Commanders and leaders
- Muhkam Singh Sinsinwar Shardul Singh: Nilkanth Nagar

Strength
- 6,000 Jats: 10,000 Mughals forces

Casualties and losses
- 5,000 jats killed: Unknown

= Battle of Fatehpur Sikri =

1721 battle

The Battle of Fatehpur Sikri occurred near Fatehpur Sikri on 26 September 1721 between Mughal forces and those of the Jats. 10,000 Mughal forces were led by Nilkanth (the deputy governor of Agra) against 6,000 soldiers led by Muhkam Singh Sinsinwar of Thun and Shardul Singh of Pathena. Nilkanth was killed during the battle, ultimately a failed attempt by the Mughal to re-establish themselves.

==Battle==
Saadat Khan, who had played a leading part in the overthrow of Husain Ali Khan, was rewarded with the governorship of Agra (October, 1720). In February, 1721, he took leave from the Court to look after his new assignment. The Jats of Mathura were proving intractable, so he took the field against them and forced the rebels to take shelter in their fortresses. Then he besieged them and succeeded in capturing four of them situated near Mathura. A number of the defenders were put to the sword, Saadat Khan also lost 400 men in the process. Pleased with this news, the Emperor sent him a congratulatory message with a Khilat and a jewelled dagger. However, he could not personally follow up his success, as he was temporarily recalled to help suppress Ajit Singh. In his absence his deputy, Nilkanth Nagar, took up his unfinished task. With a force of 10,000 horses and more of infantry he attacked Jat villages in the environs of Fatehpur Sikri and penetrated as far as Pichuna (8 miles south of Bharatpur). Here he captured some villagers and their animals.
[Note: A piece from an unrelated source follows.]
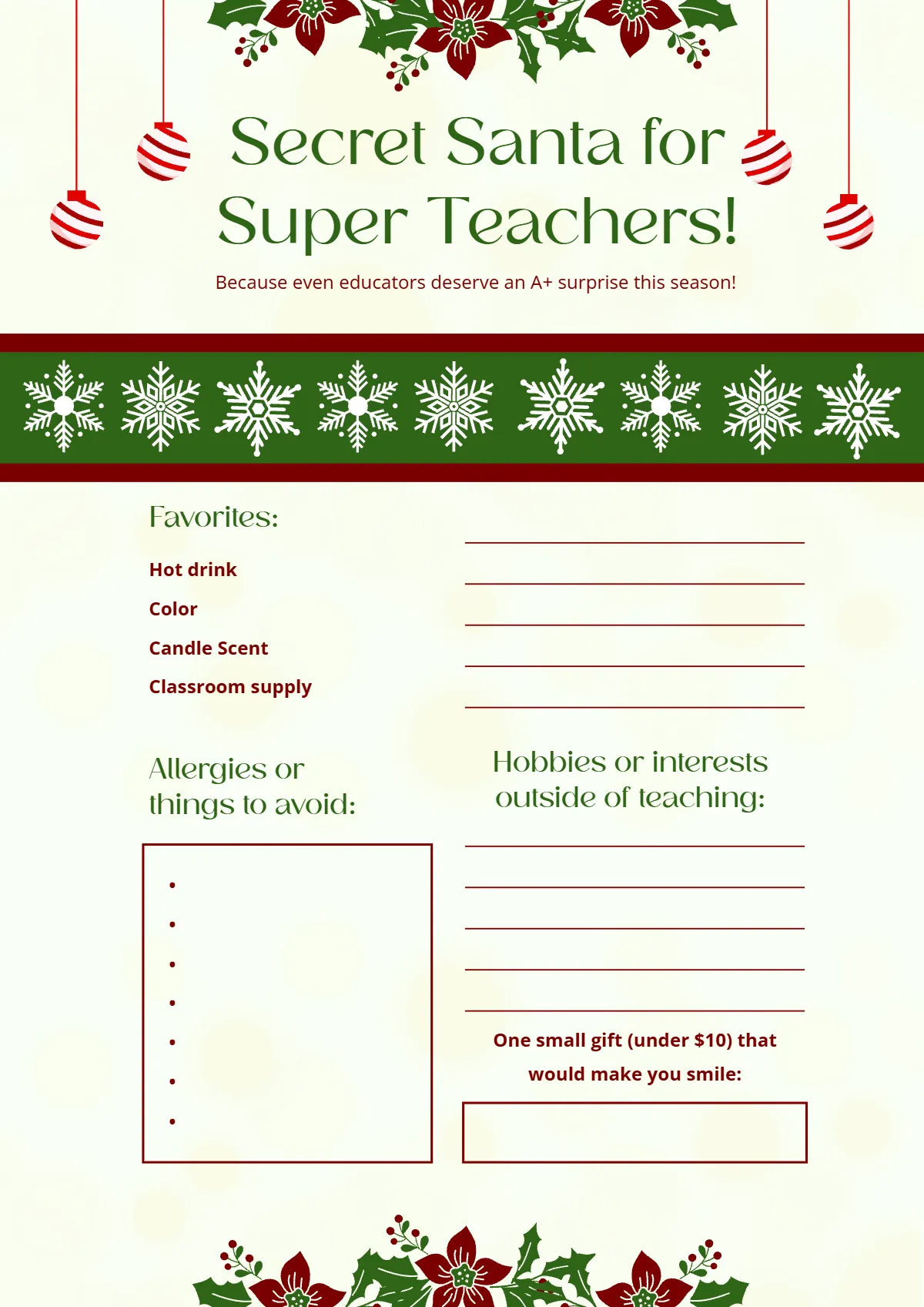 Free Teachers Secret Santa Gift Questionnaire Template to Edit Online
But when he was returning to their camp near Fatehpur Sikri on 26 September 1721 (5th Zil Hijjah, 1133 II.) Muhkam Singh and Shardul Singh of Halena whom Churaman had deputed earlier, fell upon him with a force of 6,000 on horse and foot, and fought a severe battle with the deputy governor. Although Nilkanth
Nagar was the master of double the number of men, he could cope with the valiant Jats were beaten. In course of the fight he received bullet shot and fell down, but stood up in bravery and mounted his elephant. Those jats who could manage, escaped, while the rest surrendered their horses and arms and became prisoners in the hands of the mughals., nagar taking all the elephants, the captives and other goods, went to his place and obtained money in the form of fine from every prisoner according to his status.